In 2001, the court issued an injunction demanding that Napster somehow prevent the trading of copyrighted music over its network without authorization from the owner of the copyright. Of course this was technically impossible, and to comply with the order the Napster network was shut down entirely a few months later. I still maintain that this was a terrible miscarriage of justice; U.S. law protects Internet service providers from being prosecuted for their users’ illegal activities (§230, Title 47), and this protection applies to online services as well as access providers (Schneider v. Amazon.com, Inc.). The Napster case never should have even made it to trial.
The shame of it is that I don’t really blame Metallica for lashing out against Internet file sharing, but they placed the blame in the wrong place. It was the users of Napster who were breaking the law, not Napster itself (which just provided a conduit for sharing files; a service that could be used or mis-used by its users at-will). And if Metallica really wanted to fix the problem, they would have demanded that A&M Records hurry up and provide a legal way for consumers to get music online. The solution to the file sharing problem came years later from a low-volume niche computer company called Apple, not from any of the music industry players.
Roger Waters v. Pink Floyd
Pink Floyd is probably my single most favorite band, and bassist Roger Waters—the primary songwriter behind many of their most well-known tracks—is easily my favorite rock lyricist. After their chart-busting hit record Dark Side of the Moon, Waters began to wrest more and more control over the band’s artistic direction from his bandmates. As so often happens in these cases, the band eventually disintegrated, with Waters declaring Pink Floyd to be a ‘spent force.’
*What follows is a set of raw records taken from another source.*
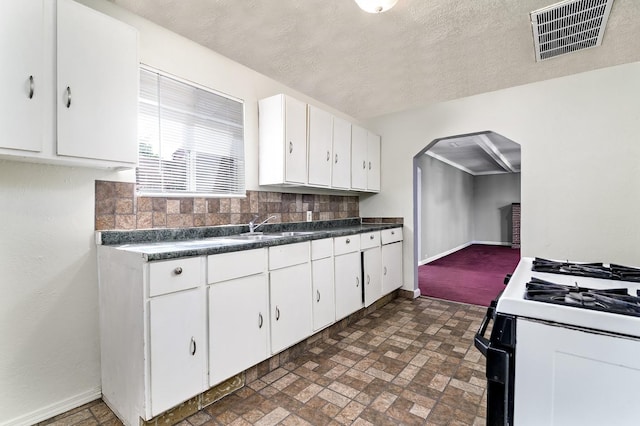 kitchen with range with gas stovetop, arched walkways, white cabinetry, and baseboards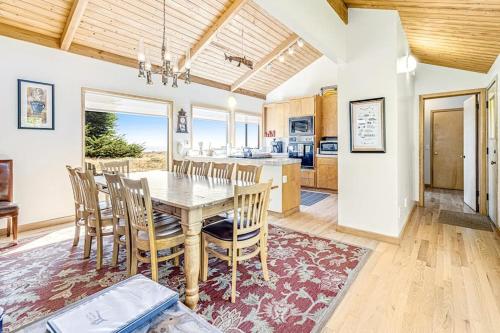 a kitchen and dining room with a table and chairs at Urban Escape Compound in Sea Ranch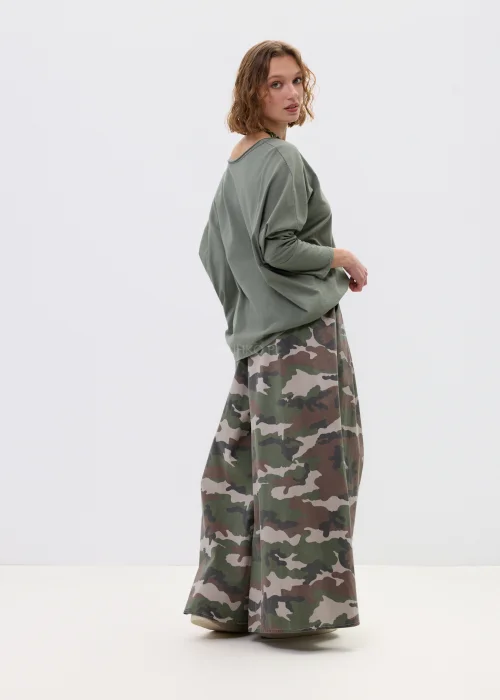 Szerokie spodnie damskie w militarny wzór moro z wysokim stanem i zakładkami w pasie, w stylizacji z paskiem i sneakersami.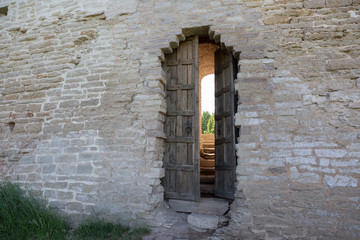 Fototapeta premium Old wooden door in a stone wall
Waters went to the U.K. high court demanding an injunction against his band mates ever using the name Pink Floyd again without his approval, however he had also notified EMI and Columbia Records that he was formally leaving the group. You can’t leave a band, and unilaterally declare that the band can’t continue to exist without you.
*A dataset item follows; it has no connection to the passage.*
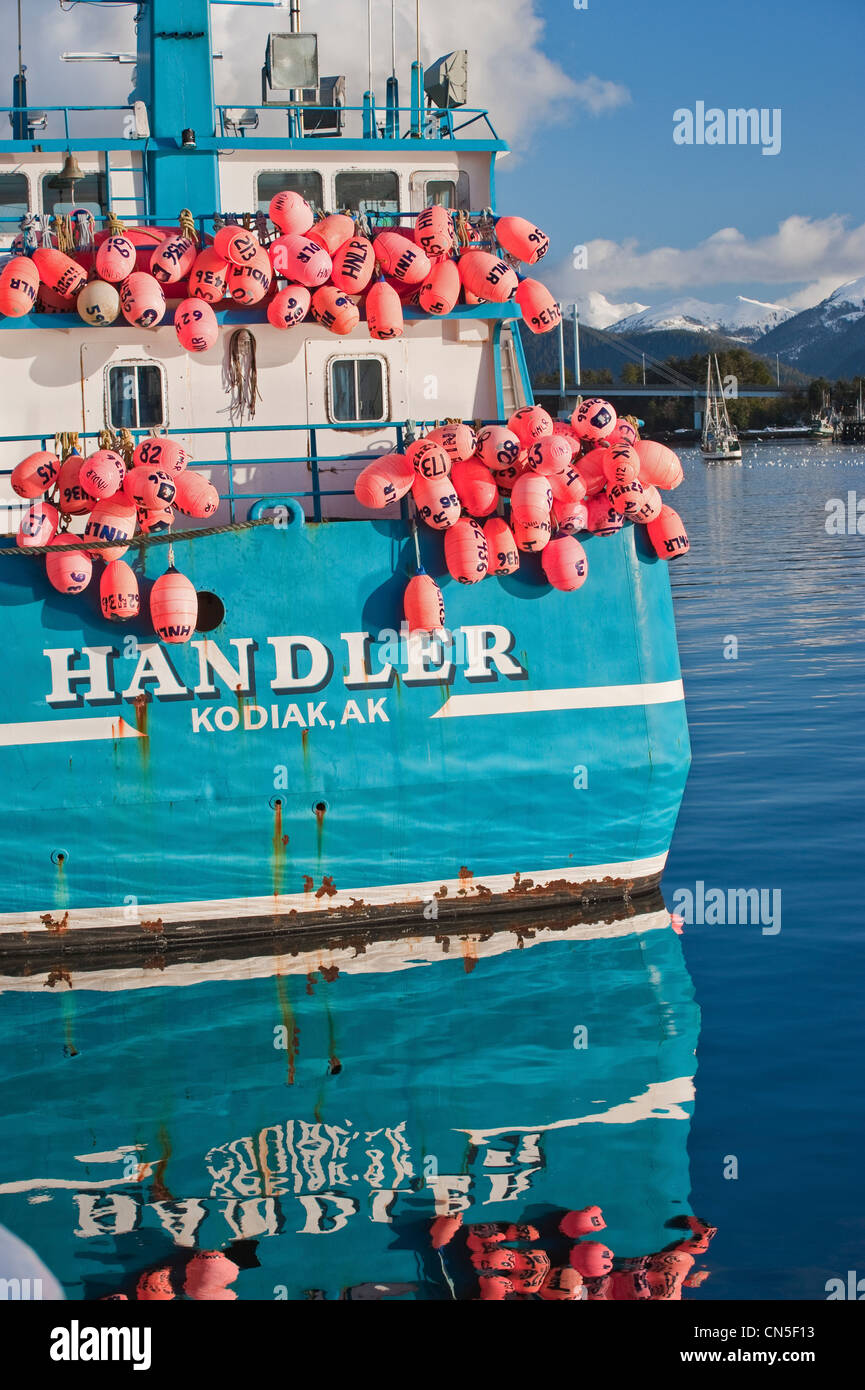 Colorful floats hanging stern of sac roe herring fishery tender docked in Sitka, Alaska. Stock Photo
Ultimately, Pink Floyd—then technically a duo composed of David Gilmour and Nick Mason, as keyboardist Richard Wright had been dismissed well before Waters left—retained rights to its own name. As part of the settlement, Waters retained the right to perform Pink Floyd songs from the time he was in the band, and retained rights to some of his individual contributions. The re-formed group, with Wright but without Waters, went on to release two more successful studio albums and several live albums.
There is no doubt that Waters is a lyrical genius, and is behind some of the best rock songs ever composed, but it takes real hubris to assume that when you leave a band that band ceases to exist. Pink Floyd was certainly a lesser group without Waters (though it was still quite good), but it was still Pink Floyd.
Apple v. Apple
The general rule on trademarks is pretty simple. If you make up a name, like Microsoft or TiVo, then you own that name and nobody else can use it for anything. If, however, you use an existing, generic word, then you can claim trademark in a specific area. If I started a cabinet company called Pretty Cabinets, that would not prevent somebody else from starting a plumbing company and calling it Pretty Plumbing . . . but it would prevent somebody from starting another cabinet company and calling it Pretty Cabinets, or possibly even variants like Pretty Good Cabinets that might confuse consumers.
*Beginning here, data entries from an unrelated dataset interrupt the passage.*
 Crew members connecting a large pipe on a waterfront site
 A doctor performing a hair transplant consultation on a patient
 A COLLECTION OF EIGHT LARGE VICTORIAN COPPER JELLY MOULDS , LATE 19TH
As such, Apple Computer should have been in the clear . . . even though the Beatles’ company Apple Corps (and its subsidiary Apple Records) already claimed the name. They were operating in two distinct fields with a generic term; neither had any overriding right to the name ‘Apple.’
Apple Corps first sued Apple Computer in 1978 claiming a trademark violation, and the two companies settled out of court with an agreement that Apple Corps wouldn’t make computers and Apple Computer wouldn’t enter the music industry (Apple Corps v. Apple Computer). In 1986, when Apple Computer added a sound chip to some of its computers, Apple Corps sued again claiming violation of the settlement. They again settled the dispute out of court.
But it didn’t end there. In 1991 when Macs started coming with digital sounds (for errors and the like), Apple Corps sued again and the two companies again settled out of court with an agreement that Apple Corps held right to the Apple name on “creative works whose principal content is music,” while Apple Computer held the right to the name for “goods or services . . . used to reproduce, run, play or otherwise deliver such content,” though not on any physical media.
After Apple Computer launched the iTunes Music Store in 2003, Apple Corps sued them again claiming violation of the 1991 agreement, even though Apple Computer clearly had rights to the name for delivering music content (except on physical media). If iTunes were sending out CD’s it might have been a violation, but iTunes was a fully electronic distribution system. The U.K. courts ruled in 2006 that Apple Computer had not violated the agreement, and the whole mess was finally put to rest in 2007 when the two companies agreed that Apple Inc. (the re-christened Apple Computer) would be assigned all trademark rights related to Apple, and would perpetually license some of those trademarks back to Apple Corps.
It was all much ado about nothing, really. The existence of Apple Computer had no material impact on Apple Corps’s business, and created no serious customer confusion. The long string of lawsuits was a frivolous and wasteful conflict between two notable, creative companies.
Fogerty Sounds Like Fogerty
John Fogerty was the lead singer, songwriter, and guitarist of one of the best bands of the 1960’s and 70’s: Creedence Clearwater Revival (CCR). In an all-too-typical example of music industry egos, Fogerty began to assert more and more control over CCR and increasingly felt that the rest of the band was holding him back. In 1972, Fogerty wanted to leave the band . . . but he was still stuck in a recording contract with Fantasy Records, owned by Saul Zaentz. They came to an agreement that Fogerty could leave, but only if he agreed to sign over the rights to all of CCR’s music to the company. So he did.
Fogerty had some minor success as a soloist, but didn’t really hit it big (again) until he released his Centerfield album in 1985. Zaentz and Fantasy Records promptly sued Fogerty (Fantasy, Inc. v. Fogerty), arguing that one track on Centerfield—’The Old Man Down the Road’—sounded too much like the CCR hit ‘Run Through the Jungle.’ So, in effect, Fogerty was being sued because a song that he wrote and performed sounded a bit similar to another song he wrote and performed.
The case did eventually go to trial, and the court found that Fogerty sounds a lot like Fogerty (as you might expect) . . . but the new track was substantially different than the older one and was not infringing.
Saul Zaentz also filed a separate case against Fogerty claiming defamation of character for another track on the album, transparently titled ‘Zanz Can’t Dance.’ They settled that case out of court, and as part of the settlement Fogerty had to rename the track to ‘Vanz Kant Danz.’